Most nitrogen in the soil is present as part of organic matter and becomes available for use by plants as the organic matter is decomposed by soil microorganisms. Decomposition of lawn clippings, plant roots, and other organic materials also provides nitrogen for use by plants. The amount of nitrogen provided by these natural soil processes is generally not adequate to maintain the vigorous growth desired in most lawns throughout the growing season; consequently, supplemental additions of nitrogen-containing fertilizer are usually required.

Before the nitrogen in organic matter can be taken up by plant roots, the organic matter must be broken down so that nitrogen is in the form of ammonium (NH4+) or nitrate (NO3-) ions. In most soils the ammonium form is quickly converted to the nitrate form. This nitrate form is not tightly held on the soil particles and is soluble in soil water. Consequently, in sandy soils with excessive rain or watering, nitrate can move with the water to depths below the root zone. In clay soils with excessive rain, nitrate can be leached below the root zone or converted to a gas and lost to the atmosphere.

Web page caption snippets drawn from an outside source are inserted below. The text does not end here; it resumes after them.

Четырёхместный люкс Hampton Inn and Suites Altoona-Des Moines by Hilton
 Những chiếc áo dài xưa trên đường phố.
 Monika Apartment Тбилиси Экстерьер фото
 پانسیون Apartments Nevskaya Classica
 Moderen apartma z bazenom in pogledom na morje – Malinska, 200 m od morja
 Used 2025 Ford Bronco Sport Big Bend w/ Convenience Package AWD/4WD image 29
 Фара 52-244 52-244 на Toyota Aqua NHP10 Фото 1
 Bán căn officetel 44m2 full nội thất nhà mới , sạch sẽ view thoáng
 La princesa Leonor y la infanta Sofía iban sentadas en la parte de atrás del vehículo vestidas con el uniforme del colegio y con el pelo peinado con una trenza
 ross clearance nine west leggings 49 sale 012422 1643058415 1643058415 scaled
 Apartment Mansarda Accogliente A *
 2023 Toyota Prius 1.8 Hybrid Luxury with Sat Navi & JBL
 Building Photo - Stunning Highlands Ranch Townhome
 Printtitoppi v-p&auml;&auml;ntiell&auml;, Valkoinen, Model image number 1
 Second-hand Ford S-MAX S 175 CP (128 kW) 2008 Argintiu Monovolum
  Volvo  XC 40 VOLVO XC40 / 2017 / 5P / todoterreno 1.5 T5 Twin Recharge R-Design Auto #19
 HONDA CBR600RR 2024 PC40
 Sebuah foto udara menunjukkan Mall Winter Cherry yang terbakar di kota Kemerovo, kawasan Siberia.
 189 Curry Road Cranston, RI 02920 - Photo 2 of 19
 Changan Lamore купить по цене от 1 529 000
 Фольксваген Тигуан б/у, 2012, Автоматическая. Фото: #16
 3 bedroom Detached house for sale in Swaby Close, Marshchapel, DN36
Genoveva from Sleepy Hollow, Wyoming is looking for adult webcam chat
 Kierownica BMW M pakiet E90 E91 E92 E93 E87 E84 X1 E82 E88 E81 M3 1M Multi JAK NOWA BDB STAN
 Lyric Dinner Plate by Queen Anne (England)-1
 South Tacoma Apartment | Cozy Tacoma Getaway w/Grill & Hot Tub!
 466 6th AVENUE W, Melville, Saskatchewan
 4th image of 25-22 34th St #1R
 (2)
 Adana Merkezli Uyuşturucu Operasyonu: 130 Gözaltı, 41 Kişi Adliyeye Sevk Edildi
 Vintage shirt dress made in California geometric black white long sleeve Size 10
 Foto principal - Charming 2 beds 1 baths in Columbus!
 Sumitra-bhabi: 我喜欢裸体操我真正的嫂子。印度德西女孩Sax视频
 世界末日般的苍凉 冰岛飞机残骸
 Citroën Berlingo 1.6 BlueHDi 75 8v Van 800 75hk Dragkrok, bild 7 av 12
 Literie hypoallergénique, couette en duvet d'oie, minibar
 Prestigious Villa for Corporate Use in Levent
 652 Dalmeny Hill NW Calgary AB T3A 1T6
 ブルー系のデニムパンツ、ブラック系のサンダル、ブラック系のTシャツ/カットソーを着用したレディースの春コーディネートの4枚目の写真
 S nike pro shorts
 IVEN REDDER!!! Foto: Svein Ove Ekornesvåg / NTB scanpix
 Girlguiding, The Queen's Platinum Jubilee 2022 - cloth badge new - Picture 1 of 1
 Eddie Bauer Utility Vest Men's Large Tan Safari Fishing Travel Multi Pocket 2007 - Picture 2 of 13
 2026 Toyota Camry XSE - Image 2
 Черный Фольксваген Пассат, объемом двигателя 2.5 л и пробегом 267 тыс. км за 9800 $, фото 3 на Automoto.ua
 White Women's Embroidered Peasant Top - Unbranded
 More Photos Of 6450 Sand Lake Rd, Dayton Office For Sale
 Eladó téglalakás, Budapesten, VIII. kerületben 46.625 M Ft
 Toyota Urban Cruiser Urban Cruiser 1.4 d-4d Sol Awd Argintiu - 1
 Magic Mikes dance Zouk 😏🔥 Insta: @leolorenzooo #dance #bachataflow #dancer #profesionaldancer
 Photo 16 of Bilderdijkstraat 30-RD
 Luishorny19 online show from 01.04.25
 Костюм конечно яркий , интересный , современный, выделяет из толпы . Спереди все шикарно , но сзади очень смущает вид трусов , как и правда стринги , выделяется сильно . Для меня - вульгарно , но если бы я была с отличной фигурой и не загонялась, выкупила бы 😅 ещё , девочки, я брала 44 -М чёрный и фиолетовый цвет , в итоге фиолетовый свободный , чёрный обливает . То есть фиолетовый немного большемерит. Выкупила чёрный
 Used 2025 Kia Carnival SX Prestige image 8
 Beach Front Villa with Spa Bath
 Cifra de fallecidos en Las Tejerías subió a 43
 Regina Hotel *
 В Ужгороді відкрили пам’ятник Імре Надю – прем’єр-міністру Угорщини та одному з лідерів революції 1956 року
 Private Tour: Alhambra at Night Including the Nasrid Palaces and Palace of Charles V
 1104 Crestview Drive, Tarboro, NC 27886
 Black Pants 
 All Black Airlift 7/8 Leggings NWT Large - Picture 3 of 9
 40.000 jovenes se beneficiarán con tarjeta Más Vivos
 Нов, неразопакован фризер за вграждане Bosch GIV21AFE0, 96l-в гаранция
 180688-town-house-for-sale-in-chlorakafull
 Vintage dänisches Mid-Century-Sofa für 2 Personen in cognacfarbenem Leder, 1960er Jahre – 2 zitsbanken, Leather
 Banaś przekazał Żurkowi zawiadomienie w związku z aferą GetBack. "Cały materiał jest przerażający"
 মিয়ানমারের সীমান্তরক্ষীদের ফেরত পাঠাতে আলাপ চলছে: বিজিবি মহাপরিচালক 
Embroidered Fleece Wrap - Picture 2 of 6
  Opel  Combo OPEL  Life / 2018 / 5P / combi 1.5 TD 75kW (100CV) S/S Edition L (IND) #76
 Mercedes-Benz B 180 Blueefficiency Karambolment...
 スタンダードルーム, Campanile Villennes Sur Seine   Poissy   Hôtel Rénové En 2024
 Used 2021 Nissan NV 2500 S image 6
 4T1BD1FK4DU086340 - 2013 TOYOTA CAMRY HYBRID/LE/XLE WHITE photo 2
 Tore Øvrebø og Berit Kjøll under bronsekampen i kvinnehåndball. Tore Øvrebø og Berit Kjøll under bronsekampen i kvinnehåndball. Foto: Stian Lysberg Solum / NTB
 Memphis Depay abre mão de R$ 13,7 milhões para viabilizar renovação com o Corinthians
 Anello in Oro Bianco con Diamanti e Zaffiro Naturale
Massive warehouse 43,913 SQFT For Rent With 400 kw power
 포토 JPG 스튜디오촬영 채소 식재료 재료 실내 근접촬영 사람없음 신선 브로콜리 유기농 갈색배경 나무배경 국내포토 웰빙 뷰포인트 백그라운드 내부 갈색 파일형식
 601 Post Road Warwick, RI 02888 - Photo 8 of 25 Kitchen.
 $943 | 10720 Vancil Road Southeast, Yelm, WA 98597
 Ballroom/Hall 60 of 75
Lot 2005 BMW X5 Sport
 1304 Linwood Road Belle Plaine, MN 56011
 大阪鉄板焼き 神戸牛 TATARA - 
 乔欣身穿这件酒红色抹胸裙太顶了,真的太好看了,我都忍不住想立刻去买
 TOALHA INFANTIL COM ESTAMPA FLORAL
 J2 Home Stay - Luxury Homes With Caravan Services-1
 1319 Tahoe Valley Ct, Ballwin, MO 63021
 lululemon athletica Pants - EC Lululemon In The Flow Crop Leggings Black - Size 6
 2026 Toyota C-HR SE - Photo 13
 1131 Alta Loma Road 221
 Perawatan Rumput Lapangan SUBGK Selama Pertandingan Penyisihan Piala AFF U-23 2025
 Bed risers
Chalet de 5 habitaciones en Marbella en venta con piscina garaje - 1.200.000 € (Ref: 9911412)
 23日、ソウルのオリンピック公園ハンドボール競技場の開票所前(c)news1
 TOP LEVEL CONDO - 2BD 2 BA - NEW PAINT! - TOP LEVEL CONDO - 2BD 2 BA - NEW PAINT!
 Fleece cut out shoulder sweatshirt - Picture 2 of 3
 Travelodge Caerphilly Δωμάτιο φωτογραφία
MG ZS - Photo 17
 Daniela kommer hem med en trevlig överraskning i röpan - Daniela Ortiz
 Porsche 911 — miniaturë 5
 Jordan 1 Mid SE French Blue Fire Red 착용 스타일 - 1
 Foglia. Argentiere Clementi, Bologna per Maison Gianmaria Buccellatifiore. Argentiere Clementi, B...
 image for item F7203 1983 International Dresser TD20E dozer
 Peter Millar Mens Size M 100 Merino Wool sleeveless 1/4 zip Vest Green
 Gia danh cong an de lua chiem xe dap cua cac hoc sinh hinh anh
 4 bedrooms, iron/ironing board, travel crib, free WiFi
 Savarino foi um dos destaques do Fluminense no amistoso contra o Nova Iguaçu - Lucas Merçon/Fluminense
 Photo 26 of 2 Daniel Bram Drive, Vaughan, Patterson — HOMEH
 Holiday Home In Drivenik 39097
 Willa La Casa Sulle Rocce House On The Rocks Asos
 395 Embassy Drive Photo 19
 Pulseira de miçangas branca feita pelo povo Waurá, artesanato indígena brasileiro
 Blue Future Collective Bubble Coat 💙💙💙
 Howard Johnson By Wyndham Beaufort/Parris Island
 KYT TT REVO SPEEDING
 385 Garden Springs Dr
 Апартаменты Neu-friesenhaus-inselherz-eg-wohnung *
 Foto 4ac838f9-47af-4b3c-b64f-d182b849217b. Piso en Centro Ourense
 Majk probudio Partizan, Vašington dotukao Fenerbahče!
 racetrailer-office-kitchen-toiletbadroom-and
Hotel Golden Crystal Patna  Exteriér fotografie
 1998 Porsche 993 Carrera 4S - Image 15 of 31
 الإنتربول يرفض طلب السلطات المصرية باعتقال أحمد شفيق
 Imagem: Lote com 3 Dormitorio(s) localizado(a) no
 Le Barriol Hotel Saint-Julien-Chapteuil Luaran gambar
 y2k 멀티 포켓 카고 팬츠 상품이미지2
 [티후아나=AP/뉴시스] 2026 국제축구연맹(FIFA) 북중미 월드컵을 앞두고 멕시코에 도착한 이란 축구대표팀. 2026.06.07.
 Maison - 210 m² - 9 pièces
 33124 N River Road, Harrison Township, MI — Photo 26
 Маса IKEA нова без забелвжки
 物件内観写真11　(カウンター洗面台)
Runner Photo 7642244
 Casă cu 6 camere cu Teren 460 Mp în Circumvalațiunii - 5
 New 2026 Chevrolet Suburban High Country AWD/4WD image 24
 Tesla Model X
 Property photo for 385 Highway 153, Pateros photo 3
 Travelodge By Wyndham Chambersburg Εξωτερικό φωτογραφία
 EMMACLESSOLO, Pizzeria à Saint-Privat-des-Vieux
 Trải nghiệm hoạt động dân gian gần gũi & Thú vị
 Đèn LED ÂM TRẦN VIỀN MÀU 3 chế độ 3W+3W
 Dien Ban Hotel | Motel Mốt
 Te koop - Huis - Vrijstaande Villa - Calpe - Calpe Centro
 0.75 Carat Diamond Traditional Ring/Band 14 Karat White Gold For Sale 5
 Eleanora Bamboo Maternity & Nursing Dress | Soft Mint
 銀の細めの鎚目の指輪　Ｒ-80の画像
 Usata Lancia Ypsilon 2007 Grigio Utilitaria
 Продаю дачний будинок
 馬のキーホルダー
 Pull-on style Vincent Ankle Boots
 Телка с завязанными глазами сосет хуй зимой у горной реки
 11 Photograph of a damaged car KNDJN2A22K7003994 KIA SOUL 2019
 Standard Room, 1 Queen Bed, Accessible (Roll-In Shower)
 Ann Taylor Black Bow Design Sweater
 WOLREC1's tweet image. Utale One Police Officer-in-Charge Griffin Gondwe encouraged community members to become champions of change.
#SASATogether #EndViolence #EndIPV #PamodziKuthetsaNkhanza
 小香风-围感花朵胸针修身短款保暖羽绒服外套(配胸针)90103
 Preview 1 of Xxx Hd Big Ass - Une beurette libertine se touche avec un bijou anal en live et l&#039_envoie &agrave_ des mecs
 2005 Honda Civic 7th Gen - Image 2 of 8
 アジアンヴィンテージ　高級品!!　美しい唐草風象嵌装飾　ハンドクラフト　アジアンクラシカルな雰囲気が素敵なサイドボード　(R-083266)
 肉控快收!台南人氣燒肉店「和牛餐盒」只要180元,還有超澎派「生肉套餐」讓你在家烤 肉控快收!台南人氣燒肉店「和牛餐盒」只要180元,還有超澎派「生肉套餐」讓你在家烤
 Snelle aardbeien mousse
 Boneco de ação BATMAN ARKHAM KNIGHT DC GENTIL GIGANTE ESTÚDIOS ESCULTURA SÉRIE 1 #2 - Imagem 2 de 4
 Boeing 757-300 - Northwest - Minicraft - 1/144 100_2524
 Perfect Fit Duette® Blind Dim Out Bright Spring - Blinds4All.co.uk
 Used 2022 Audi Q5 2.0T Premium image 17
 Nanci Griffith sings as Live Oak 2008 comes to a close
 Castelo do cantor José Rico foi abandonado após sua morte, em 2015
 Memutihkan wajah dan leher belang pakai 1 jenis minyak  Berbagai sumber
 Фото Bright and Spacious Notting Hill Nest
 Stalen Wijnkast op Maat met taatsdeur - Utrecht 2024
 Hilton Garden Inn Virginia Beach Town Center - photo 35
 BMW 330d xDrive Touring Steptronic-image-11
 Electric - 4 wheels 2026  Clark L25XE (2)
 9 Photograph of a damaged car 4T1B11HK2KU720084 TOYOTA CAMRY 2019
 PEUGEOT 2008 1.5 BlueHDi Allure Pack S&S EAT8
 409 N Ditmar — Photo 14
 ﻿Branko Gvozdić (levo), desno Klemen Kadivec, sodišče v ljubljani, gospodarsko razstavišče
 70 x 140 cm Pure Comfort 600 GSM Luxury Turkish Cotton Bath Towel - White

Some nitrogen fertilizers are in forms that are available to turfgrass plants soon after application. These are called quick-release or soluble forms of nitrogen. Ammonium-nitrate, ammonium sulfate, and urea are quick-release forms of nitrogen commonly used in lawn fertilizers (table 2). Fertilizers containing these quick-release forms of nitrogen produce a rapid response in turfgrass growth and color. They are also less expensive than slow-release forms of nitrogen (table 3).

Slow-release forms of nitrogen depend on soil processes to gradually break down the fertilizer particles and release nitrogen for use by plants. When nitrogen is properly applied, losses through leaching are usually minimized. Because different types of slow-release nitrogen have different characteristics and rely on different soil processes for release, the length of time during which one application will release nitrogen varies dramatically with the type of fertilizer, soil temperature and moisture, and activity of soil microorganisms. When compared to quick-release forms of nitrogen, the slow release forms of nitrogen last longer, can be applied at higher rates, and have a lower leaf burn potential (table 3). Slow-release fertilizers are particularly beneficial on sandy soils.

Phosphorus
Phosphorus is important in stimulating early root growth and promoting early plant vigor. Phosphorus moves very little in the soil with most of it being bound tightly to soil particles. Soils naturally high in phosphorus are apt to provide sufficient phosphorus for vigorous lawn growth for many years without adding phosphorus in fertilizers.

There are three reasons why a phosphorus-deficient soil should be corrected prior to seeding. First, since phosphorus moves very little in the soil, it is desirable to mix the phosphorus throughout the root zone. This is relatively easy prior to seeding but more difficult after establishment. Second, seedling plants, with newly developing root systems, are most likely to be affected by lack of phosphorus. Third, mixing phosphorus into the soil (rather than applying it to the surface) reduces the chance for phosphorus to move into lakes and streams. Fully developed turfgrass root systems can absorb phosphorus from a much larger volume of soil, reducing plant deficiencies.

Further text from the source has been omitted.